LDOCE6によれば、動詞 “blow” は、
- 重要度:最上位 <トップ3000語以内>
- 書き言葉の頻出度:<2001~3000語以内>
- 話し言葉の頻出度:<1001~2000語以内>
【発音】blóu
◆ “mind” には、名詞・他動詞・自動詞がある。
–
語源は、中期英語「記憶」(mynd)。
【発音】máind
ここでは名詞「精神」「心」で、語源を引き継ぐ。
名詞は、可算名詞と不可算名詞を兼ねる。
- “mind” 理性・知性の宿る心
- “soul” 魂の宿る心
最頻出かつ最重要な英単語のひとつで、
名詞 “mind” は口語・文面ともに、
- 重要度:最上位 <トップ3000語以内>
- 書き言葉の頻出度:最上位 <トップ1000語以内>
- 話し言葉の頻出度:最上位 <トップ1000語以内>
いずれも最上位に位置する。
(LDOCE6 の頻出度表記より)
“blow one’s mind” の “mind” は、
上述のように「理性・知性の宿る心」。
どこか抽象的でつかみどころがないのは、
性質的なもので、日本語でもそうだろう。
ひと言で言えば、「理性」または「心」。
【参照】”right mind“(正気、まとも)
ー
◆ “one’s“(または somebody’s)の部分には所有格。
ー
大半は人称代名詞の所有格、
his / her / my / our / their / your
のいずれかを入れる。
表題では、会話の流れから “my” と “your”
が多用される。
ー
◆ 以上より、”blow one’s mind” は、
- 他動詞 blow「吹き飛ばす」
- 所有格 one’s 「誰々の」
- 名詞 mind「理性」または「心」
驚きなどで<理性・心がぶっ飛ぶ>様子
直訳は「誰々の理性(心)を吹き飛ばす」。
「打っ魂消る(ぶったまげ~)」イメージ。
「ぶったまげ~」もそうだが、
“blow one’s mind” の用途は幅広い。
文脈上、良くも悪くも使える。 禍福は問わないということ。
ー
< 禍(misfortunes)>
- “It was so terrible.

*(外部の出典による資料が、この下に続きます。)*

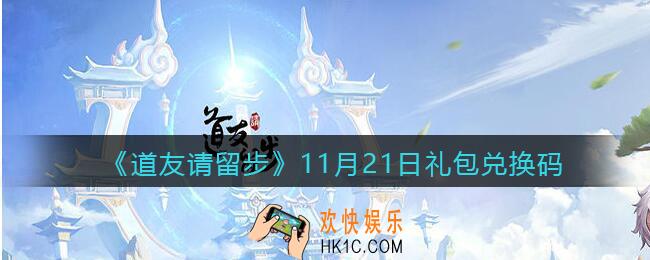 道友请留步11月21日礼包兑换码怎么领_11.21礼包码在哪兑换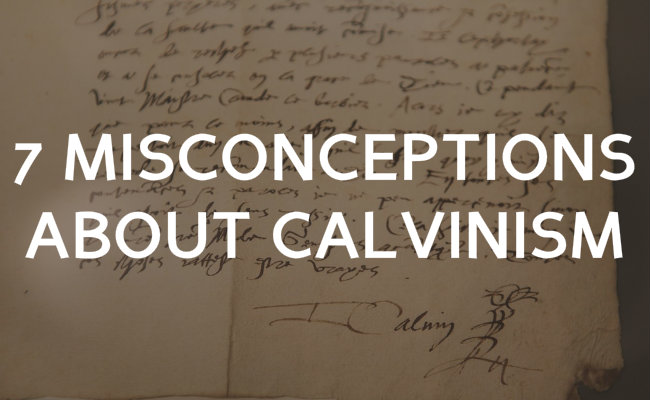 7 misconceptions people hold about Calvinism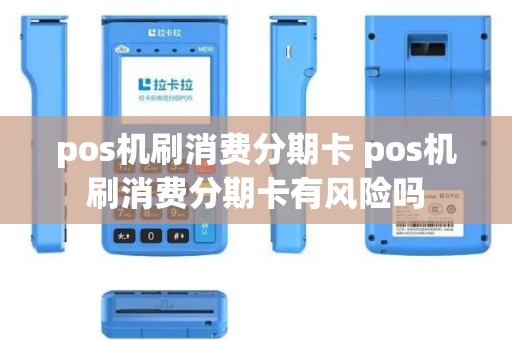 pos机刷消费分期卡 pos机刷消费分期卡有风险吗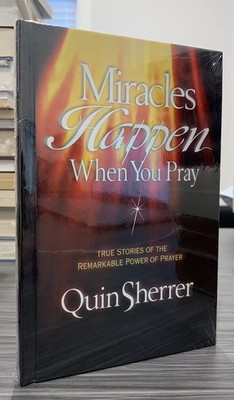 Miracles Happen When You Pray (True Stories of the Remarkable Power of Praye...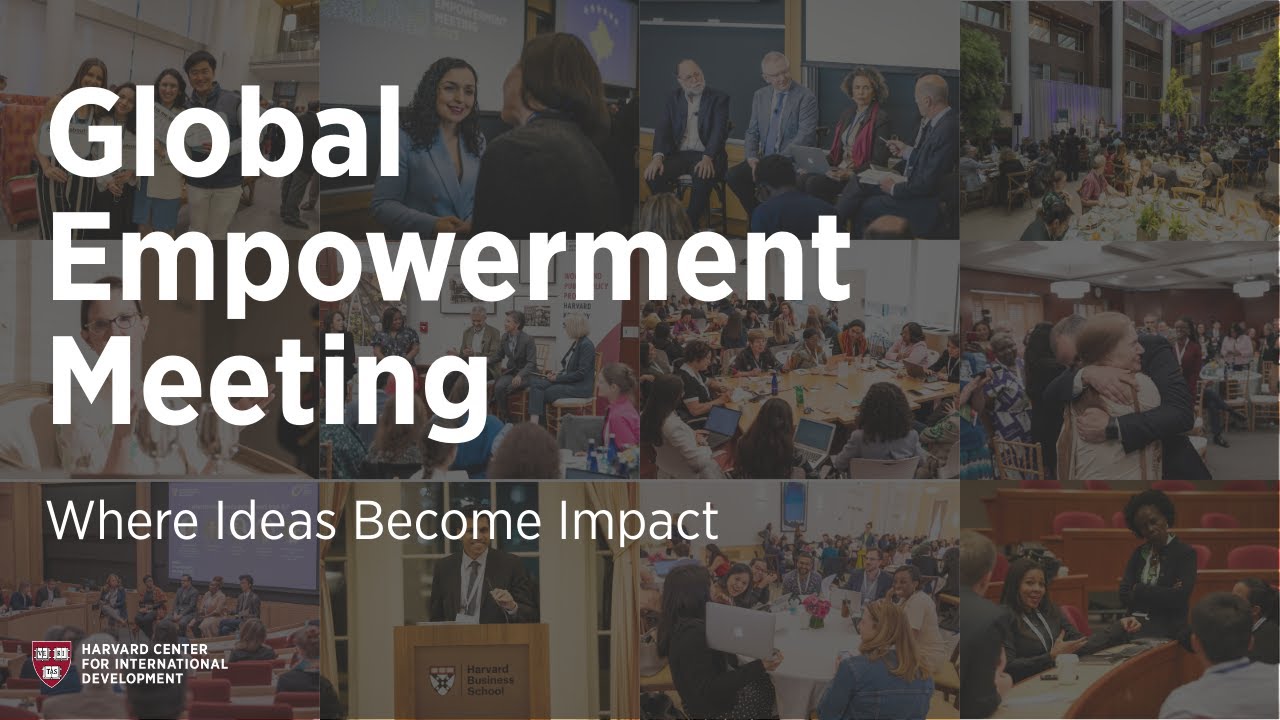 Where Ideas Become Impact: Harvard CID’s Global Empowerment Meeting (GEM)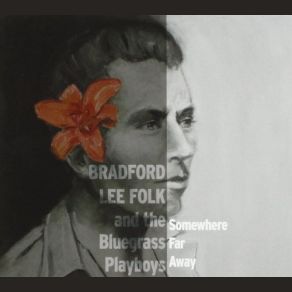 Download track Foolish Game Of Love Bradford Lee Folk, The Bluegrass Playboys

It nearly blew my mind.”
(それはあまりにひどく、理性を吹き飛ばしそうだった。)
→ ひどすぎて、頭がおかしくなりそうだった。
– - “She blew her mind on drugs.”
(彼女は薬物で理性を吹き飛ばした。)
→ 薬物で正気を失った。
– - “The movie was just awful, it blew my mind.”
(その映画はもう最悪で、ぶったまげた。)
– - “This bad news will blow his mind.”
(この悪い知らせは、彼をとても驚かせるだろう。)
ー
< 福(fortunes)>
- “It was so fun. It nearly blew my mind.”

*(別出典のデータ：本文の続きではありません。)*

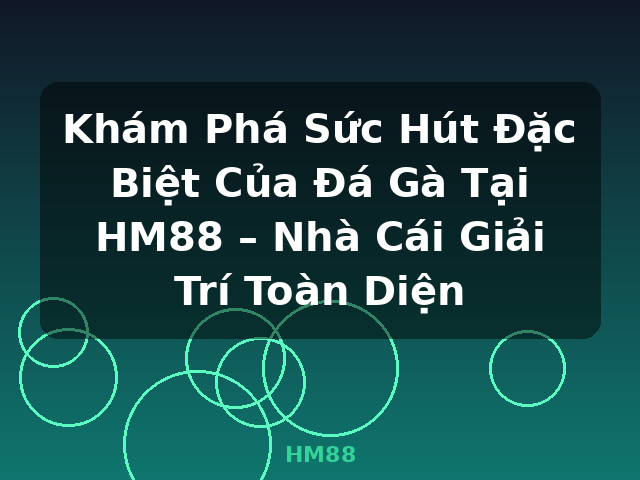 Khám Phá Sức Hút Đặc Biệt Của Đá Gà Tại HM88 – Nhà Cái Giải Trí Toàn Diện - HM88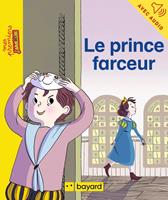   Le prince farceur
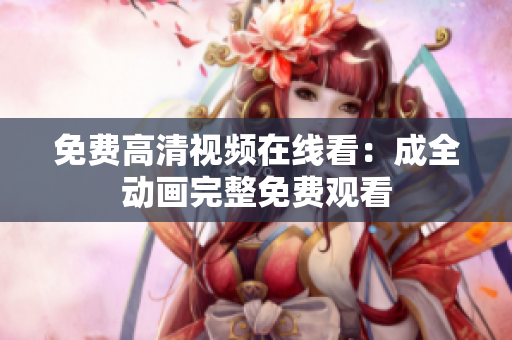 免费高清视频在线看：成全动画完整免费观看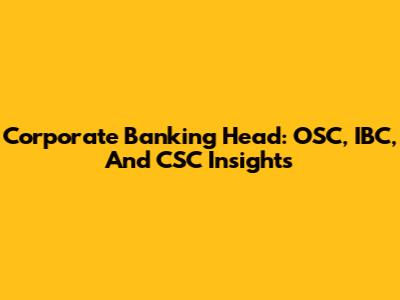 Corporate Banking Head: OSC, IBC, And CSC Insights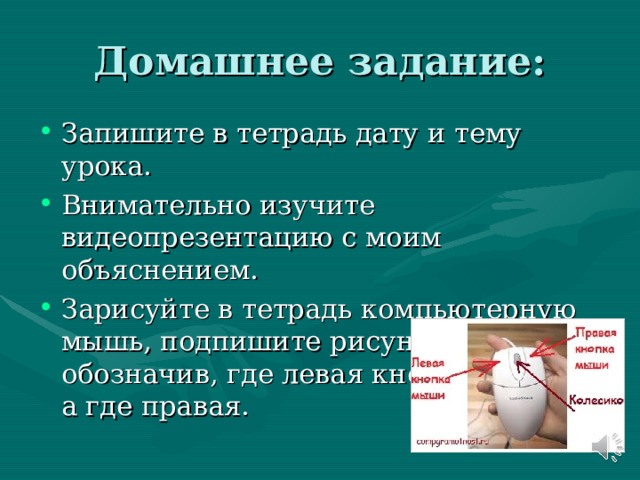 Домашнее задание: Запишите в тетрадь дату и тему урока. Внимательно изучите видеопрезентацию с моим объяснением. Зарисуйте в тетрадь компьютерную мышь, подпишите рисунок, обозначив, где левая кнопка мыши, а где правая. 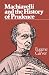 Machiavelli and the History of Prudence (Rhetoric of the Human Sciences)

(それはあまりに楽しく、理性を吹き飛ばしそうだった。)
→ 楽しすぎて、頭がおかしくなりそうだった。
– - “His intelligence blew my mind.”
(彼の知性に心を吹き飛ばされた。)
→ 知性に驚愕した。
– - “His dazzling good looks blew her mind.”
(彼の見事な男ぶりに彼女は驚いた。)
– - “I heard him sing and it blew my mind.”
(彼の歌を聞いて、ぶったまげ~。)
ー
定訳はないので、和訳時は文脈を読み取りつつ、
慎重に行う。
先述の通り「ぶったまげる」同様、ネガポジ両用なので、
まずはどちらの意味合いかを識別するとよい。
例文に1つ挙げたが、薬物関係にもよく出てくる。
“blow one’s mind” =「その人の正気を奪う」
この用途では、”slang” 扱いする辞書もあるものの、
基本的には下品さはない。
ー
◆ なお、ハイフンを用いた複合形容詞もある
(compound adjective)。
“mind-blowing“
informal : very exciting, shocking or strange.
(ロングマン、LDOCE6)
※ 下線は引用者
「ひどく興奮させる、驚かせる、不思議な」の意。
<理性を吹き飛ばす>感じが共通し、意味合いは重なる。
ー
初出は、1967年。
- “It was a mind-blowing challenge.”
(とても興奮する挑戦だった。)
– - “Her performance was positively mind-blowing.”
(彼女の演技は、良い意味で驚きだった。)
【関連表現】
“blow out of proportion”
https://mickeyweb.info/archives/26987
(大げさに言う、大げさに騒ぐ)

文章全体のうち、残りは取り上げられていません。